**Action item:** The answer should consist of the full listing below, repeated exactly and free of pictures.

**Recorded data:**
===============

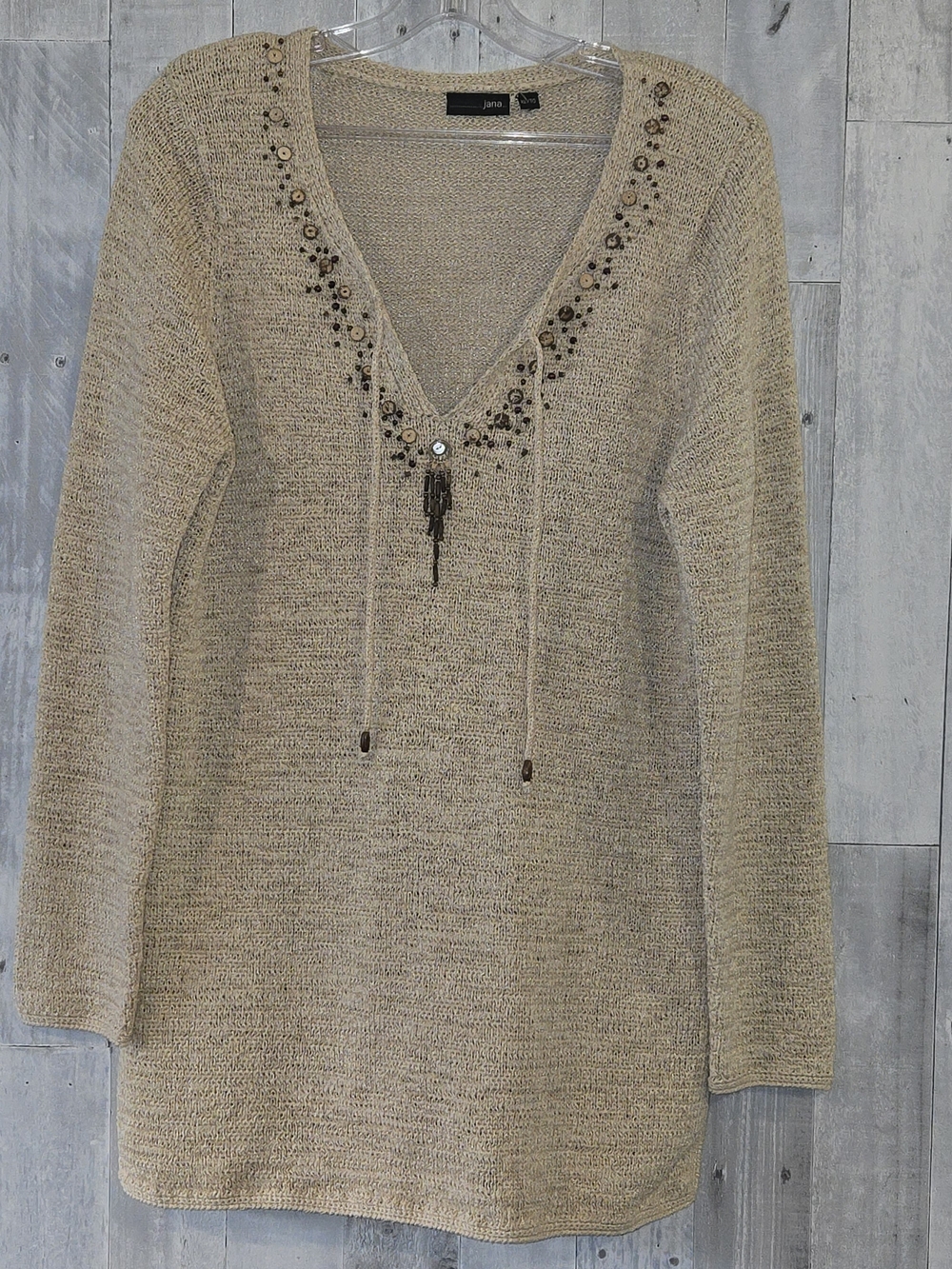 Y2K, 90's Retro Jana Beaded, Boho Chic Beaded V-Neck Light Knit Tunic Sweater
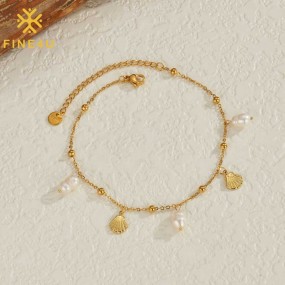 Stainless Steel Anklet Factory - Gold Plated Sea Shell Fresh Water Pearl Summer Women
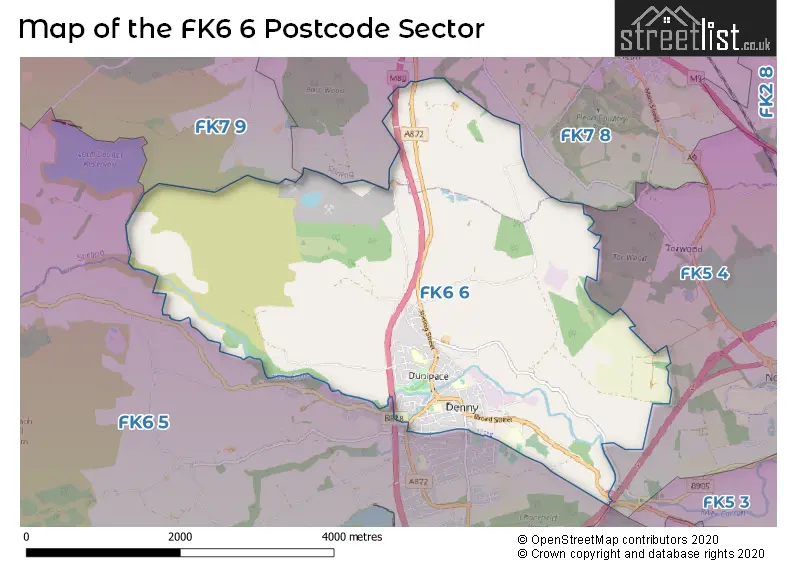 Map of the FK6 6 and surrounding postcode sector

===============

**Solution to the problem:**
 Y2K, 90's Retro Jana Beaded, Boho Chic Beaded V-Neck Light Knit Tunic Sweater
 Stainless Steel Anklet Factory - Gold Plated Sea Shell Fresh Water Pearl Summer Women
 Map of the FK6 6 and surrounding postcode sector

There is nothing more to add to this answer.